Capital punishment is the most irreparable crime governments perpetrate without consequence, and it must be abolished. “We’re only human, we all make mistakes,” is a commonly used phrase, but it is tried and true. Humans, as a species, are famous for their mistakes. However, in the case of the death penalty, error becomes too dangerous a risk. The innocent lives that have been taken with the approval of our own government should be enough to abolish capital punishment.
According to Amnesty International, “The death penalty legitimizes an irreversible act of violence by the state and will inevitably claim innocent victims.” If there is any chance that error is possible (which there always is), the drastic measure of capital punishment should not be taken. Also, it is too final, meaning it does not allow opportunity for th accused to be proven innocent, a violation of the Fifth Amendment which guarantees due process of law.
District Judge Jed S. Rakoff of the United States Second Circuit Court of Appeals in Manhattan argued against the death penalty: “In brief, the Court found that the best available evidence indicates that, on the one hand, innocent people are sentenced to death with materially greater frequency than was previously supposed and that, on the other hand, convincing proof of their innocence often does not emerge until long after their convictions. It is therefore fully foreseeable that in enforcing the death penalty a meaningful number of innocent people will be executed who otherwise would eventually be able to prove their innocence.”
As humans, we are an inevitable force of error. However, when a life is at stake, error is not an option. The death penalty is murder by the government. As a nation, we have prided ourselves in our government, its justice and truth. However, can we continue to call our government fair if we do not hold it to the same rules we do its people? Murder by a citizen will have consequences, yet a government-approved murder is not only acceptable, but enforceable. What message do we send the American people, and other countries, for that matter, if we continue to be a nation that kills its citizens, a nation that enforces the most barbaric form of punishment?

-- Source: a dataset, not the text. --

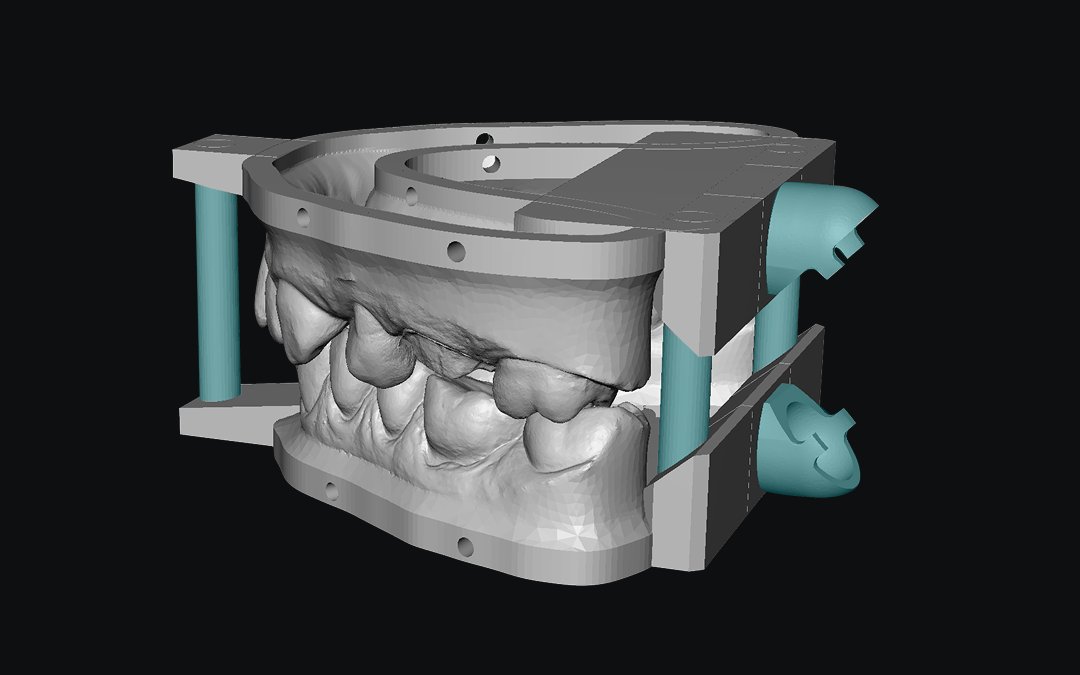 Working model mounted with alignment pins and a built-in articulator preset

The Illinois Coalition to Abolish the Death Penalty states, “We don’t cut off the hands of thieves to protect property; we do not stone adulterers to stop adultery. We consider that barbaric. Yet we continue to take life as a means of protecting life.” No person, government-affiliated or not, has the right to decide if another human is worthy or unworthy of life. Our natural rights as humans, which cannot be taken away by the government, include the right to life. Humans are not cold metal coins that lose value; no act, no matter how heinous, can make a person less of a human being. However, for most it is easy to forget that each of the 1,099 executed since 1977 are fellow humans, not just numbers.

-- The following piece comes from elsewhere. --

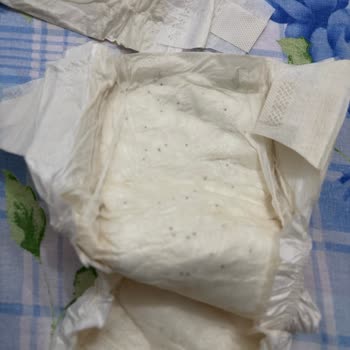 Bebek Bezinde Şok Edici Siyah Noktalar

According to Amnesty International, “The death penalty violates the right to life.” Capital punishment contradicts our moral beliefs and claims of a fair and just government. The U.S. must join its political allies – including Europe, Scandinavia, Russia, South Africa, and most of Latin America – that have abolished the death penalty.

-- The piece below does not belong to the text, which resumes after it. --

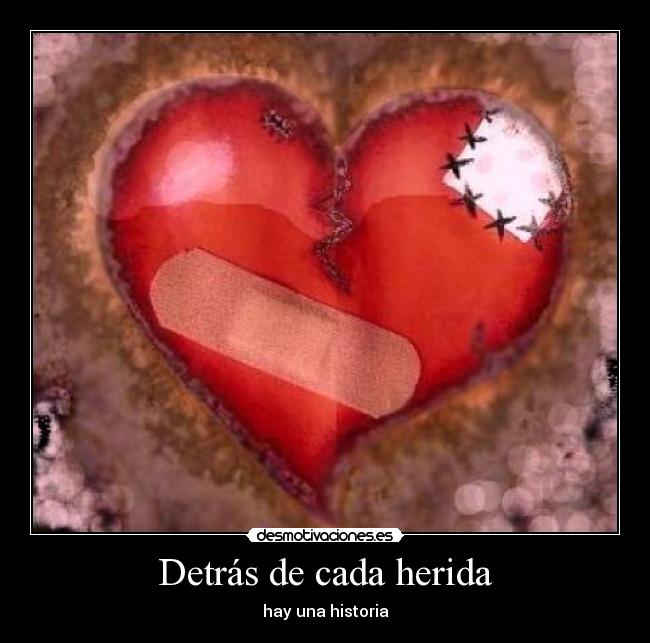 Detrás de cada herida - hay una historia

The death penalty is favored by some as an effective deterrent of crime; however, it is proven that states with the death penalty actually have higher murder rates than those without. It is proven that our nation does not need this extreme threat of punishment to prevent crime. In 2006, the FBI Uniform Crime Report revealed that the area of the U.S. that was responsible for the most executions (the South with 80 percent) also had the highest murder rate, whereas the Northern areas that had the fewest executions (less than one percent), had the lowest murder rates.
It can be said that the death penalty is the most overlooked form of government hypocrisy; we murder people who murder people to show that murder is wrong. It is this contradiction in policy that confuses criminals and undermines any crime deterrence capital punishment was intended to have.
Many people favor the death penalty as reparation for the wrong done to a victim’s family; however, in most cases, closure is not the result. Losing a loved one, no matter how that person is lost, is unbearable, irrevocable, and shattering. Pain like this is shocking and the victim’s family holds onto the hope that the execution of the murderer will bring relief and closure. Nevertheless, when execution day arrives, the pain is not eased. No relief can be gained, for their pain is an unavoidable, natural process of life. Victims’ families have founded such groups as the Murder Victims Families for Reconciliation and The Journey of Hope, which oppose the death penalty. They believe that they are different from those who have taken their loved ones and they demonstrate their difference by refusing to sink to a murderer’s level.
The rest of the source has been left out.